13. Education is one of the most important ways by which the Church fulfills its commitment to the dignity of the person and the building of community. Community is central to educational ministry both as a necessary condition and an ardently desired goal. The educational efforts of the Church must therefore be directed to forming persons-in-community; for the education of the individual Christian is important not only to his solitary destiny but also to the destinies of the many communities in which he lives.
14. The educational mission of the Church is an integrated ministry embracing three interlocking dimensions: the message revealed by God (didache) which the Church proclaims; fellowship in the life of the Holy Spirit (koinonia); service to the Christian community and the entire human community (diakonia). While these three essential elements can be separated for the sake of analysis, they are joined in the one educational ministry. Each educational program or institution under Church sponsorship is obliged to contribute in it own way to the realization of the threefold purpose within the total educational ministry...
MESSAGE:
16. Revelation is the act by which God unfolds to mankind the mystery of Himself and His plan for salvation.
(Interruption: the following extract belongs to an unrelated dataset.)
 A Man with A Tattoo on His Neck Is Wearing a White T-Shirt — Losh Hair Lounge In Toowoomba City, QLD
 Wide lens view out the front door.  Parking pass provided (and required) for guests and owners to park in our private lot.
In Jesus, the Son of God, the message of the Old Law was fulfilled and the fullness of God's message was communicated. At the time of the Apostles the message of salvation was completed, and we therefore "await no further new public revelation before the glorious manifestation of our Lord Jesus Christ" (Dei Verbum, 4). It is this message, this doctrine, which the Church is called to proclaim authentically and fully.
COMMUNITY:
22. As God's plan unfolds in the life of an individual Christian, he grows in awareness that, as a child of God, he does not live in isolation from others. From the moment of Baptism he becomes a member of a new and larger family, the Christian community. Reborn in Baptism, he is joined to others in common faith, hope, and love. This community is based not on force or accident of geographic location or even on deeper ties of ethnic origin, but on the life of the Spirit which unites its members in a unique fellowship so intimate that Paul likens it to a body of which each individual is a part and Jesus Himself is the Head...
SERVICE:
28. The experience of Christian community leads naturally to service. Christ gives His people different gifts not only for themselves but for others. Each must serve the other for the good of all. The Church is a servant community in which those who hunger are to be filled; the ignorant are to be taught; the homeless to receive shelter; the sick cared for; the distressed consoled; the oppressed set free -- all so that men may more fully realize their human potential and more readilty enjoy life with God now and eternally.
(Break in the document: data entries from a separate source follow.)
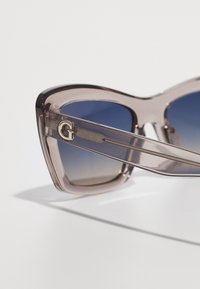 Angular, oversized sunglasses with a translucent mauve frame, gradient blue lenses, and gold 'G' logo on the temple.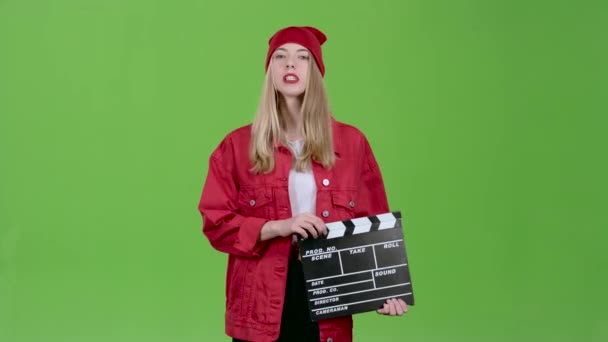 Asszisztens üzemeltető nem a pamut clapperboard, és a levelek. Zöld képernyő — Stock videók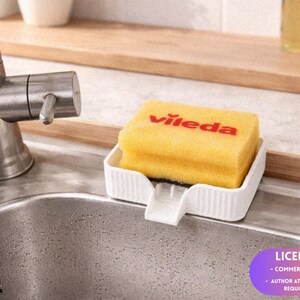 May include: A yellow Vileda sponge rests in a white plastic holder on a stainless steel sink. The sponge has red lettering. A chrome faucet is visible on the left. The background includes a wooden shelf and small plants.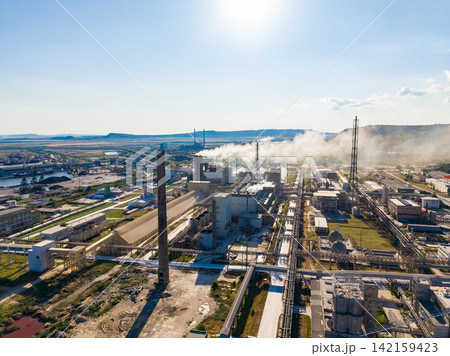 Industrial complex with smoke rising in the sky during daytime near a river Industrial complex with smoke rising in the sky during daytime near a river 142159423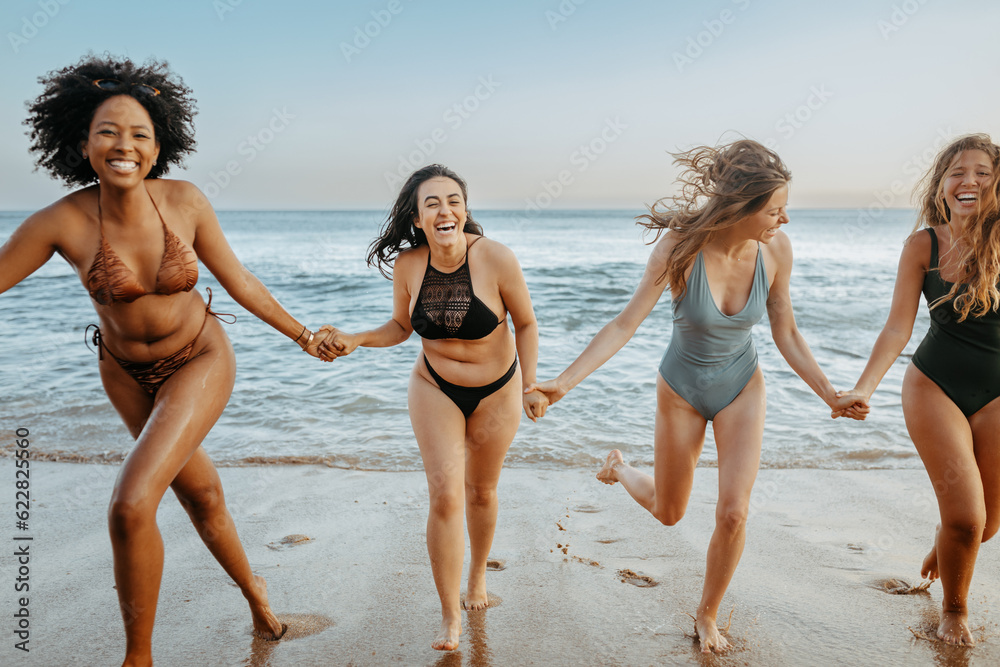 Overjoyed female friends in swimwear having fun and running on the beach, laughing and enjoying their summer vacation Overjoyed female friends in swimwear having fun and running on the beach, laughing and enjoying their summer vacation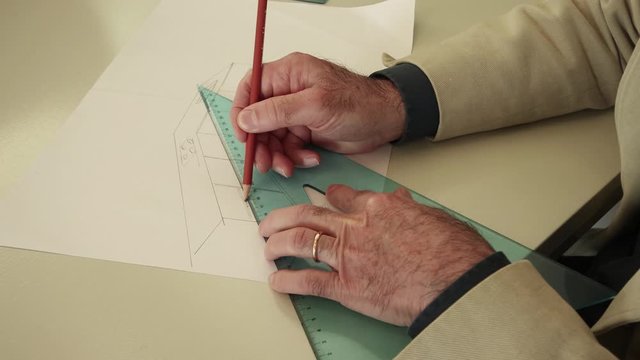 Man drawing with pencil and squares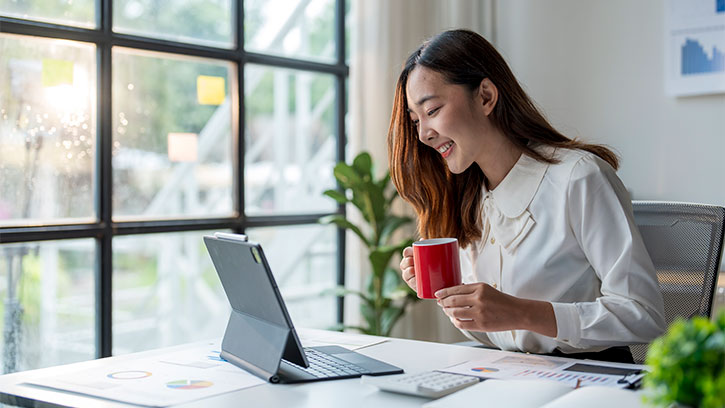 Smiling Woman Enjoying Coffee While Working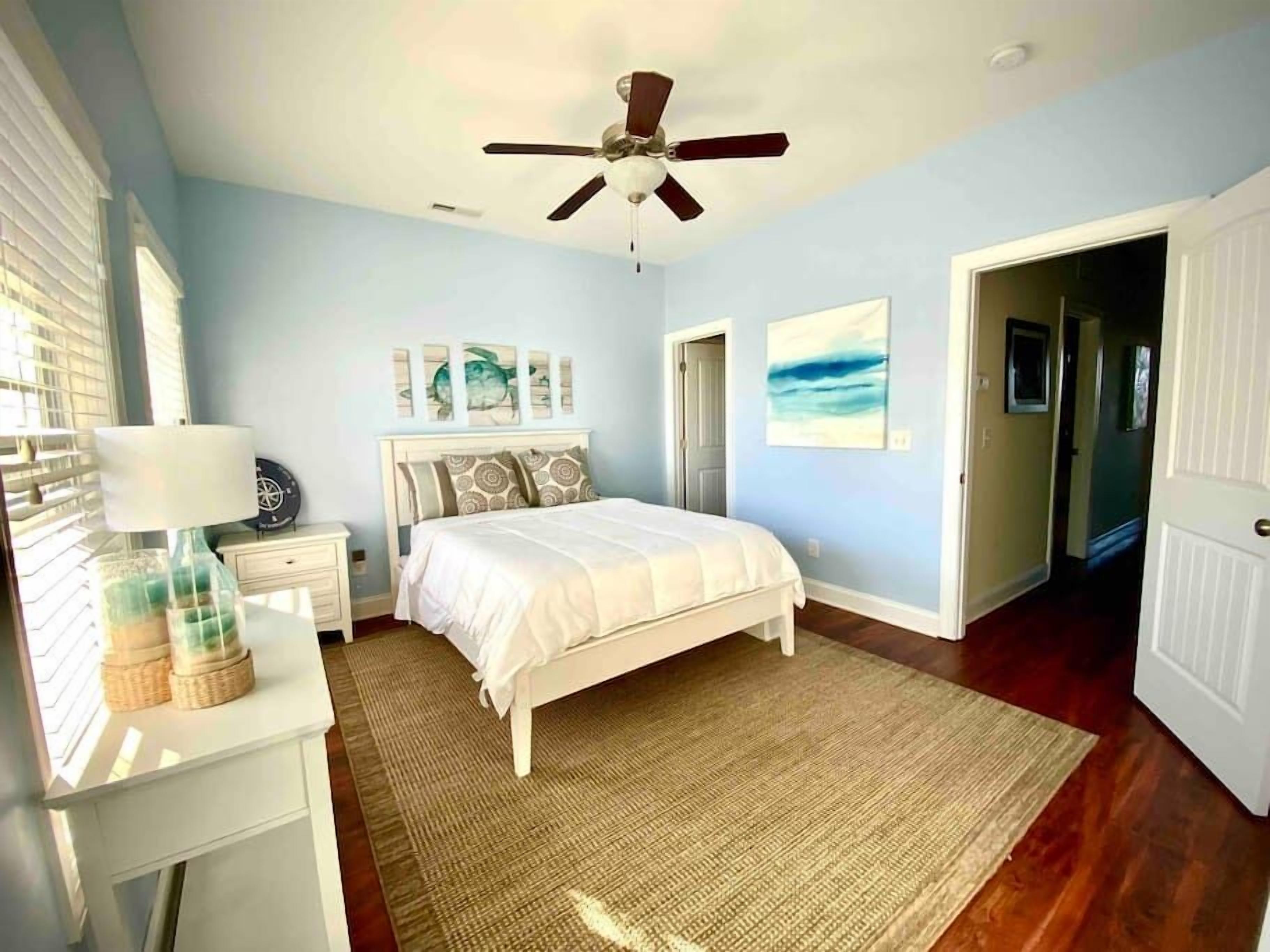 A bedroom with a bed, a nightstand, a lamp, a ceiling fan, and artwork on the walls.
29. But the Christian community should not be concerned only for itself. Christ did not intend it to live walled off from the world any more than He intended each person to work out his destiny in isolation from others. Fidelity to the will of Christ joins His community with the total human community...
31. Beyond question the vision of the threefold educational ministry presented here is an ambitious one. Were it of human origin, one might well despair of its attainment. But since it represents God's plan, it must be energetically pursued...
Looking at this document, two things strike me -- the emphasis (which I have highlighted) on the Plan of God ("In all wisdom and insight, he has made known to us the mystery 5 of his will in accord with his favor that he set forth in him as a plan for the fullness of times, to sum up all things in Christ, in heaven and on earth" -- Ephesians 1:8c-10) and the central importance placed on community (which the document defines as: "fellowship in the life of the Holy Spirit"). To teach as Jesus did, then, is not a question of imparting information but of orienting hearts and minds and souls to the communital dimension of life and the plan of God for cosmic communion in Christ ("to sum up all things in Christ...").
These should be the measures we use to decide whether a catechetical method is "working" or is even worthy of being called "Catholic": How does it build, sustain, and encourage koinonia? How does it educate us to the Plan of God?